If you want to get more information ask Alo Brennan for the loan of the Scrap Book I gave him. [This is now in the Offaly History Archives, thanks to the O’Brennan family.] It has a lot of information relating to the Gaelic movement in Tullamore, especially an article written by Jim Pike. It also contains the photos of some of us taken on Sticky Backs about the beginning of the century. It also contains the hosting of the Volunteers in Tullamore and the pictures of some of the boys who fought the “good fight for the cause of the right to give Ireland her place in the sun”.
I expect you could get all our pedigrees in Dublin Castle. I started this letter on the 3rd, now it is the 7th, the anniversary of the attack on Pearl Harbour which Rossevelt called “A Day of Infamy” [‘A date which will live in infamy’]. My sight and my memory are not so good as they used to be, so you will have to excuse all errors and omissions as I am beginning to forget names and things of 70 or 80 years ago. I will be 90 years old on the 19th December. I was born in 1880, am 66 years in America, and not a millionaire yet. Have one daughter, two granddaughters, four great-daughters, two great-grandsons, and one great-great-grandson. The Barry name I hope will be perpetuated (I hope) by my two grand-nephews Kevin and Richard Barry in Dublin.

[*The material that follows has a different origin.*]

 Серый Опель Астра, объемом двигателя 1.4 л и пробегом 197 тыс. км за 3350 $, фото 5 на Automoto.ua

Tullamore is a bigger and better town now than it was in my time. I saw only three new houses built before I left. There has been a whole new town built since then and good work is still continuing. I was sorry to hear Egans and Scallys going out of business, the two principal places of business in the town. (Sic transit gloria mundi) “time marches on”. P. & H. Egan and William Adams were the leading employers and Nationalists in the town. William Adams was the first representative from Tullamore on the County Council. I helped count the votes at the election (I was a fair counter). Four churches in town. No mixing, no trouble. Someday I’ll write about the town as it was in my day just for the record.
Happy Christmas to all,
 National Archive, 1901 census, Barry family entry at Earl Street/O’Moore Street.

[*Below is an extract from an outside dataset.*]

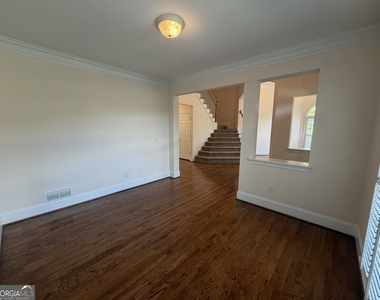3281 Winthrop Circle - Photo Thumbnail 4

James Pike was appointed to the Tribune in 1912. Pike was born in 1878 at Roscore, Screggan, Tullamore, had qualified as a teacher in 1900, but went into journalism by joining the Westmeath Independent. From there he moved to Navan to become associate editor of The Irish Peasant and later the Peasant and the Irish Nation. Imbued with such nationalist fervour, Pike was an ideal choice and remained with the Tribune until his retirement in 1946. He was said to have been a member of the IRB and the Irish Volunteers and was later in Sinn Féin and Fianna Fáil. He died in 1948 and was buried in Mucklagh cemetery near Tullamore. He appears to have been unmarried and had dedicated thirty-four years to the Midland Tribune. See Michael Byrne, ‘1916 and the politics of the Midland Tribune and Tullamore and King’s County Independent’ in Offaly Heritage 9.
 Midland Tribune, 20 Mar. 1920, 29 May, 1920, and 7 Oct. 1922 for the death of John Forrestal (Sean MacCaoilte, aged 37, in Dublin. His father was Andrew Forrestal and his brother Dick. He was in Mountjoy jail in March 1920. In May 1920 he represented Dáil Éireann in Rome for the beatification of Oliver Plunkett.
 Frank Slattery
 Offaly Independent, 8 July 1961. Death of Hugh Digan Cormac Street, Tullamore, aged 84. He was a member of the Tullamore club that won the first Offaly championship in 1896, a Forester, his coffin was draped in the tricolour [born in 1877].
 The Scally store was sold to Melville’s in 1961 and the Egan firm went into voluntary liquidation in 1968.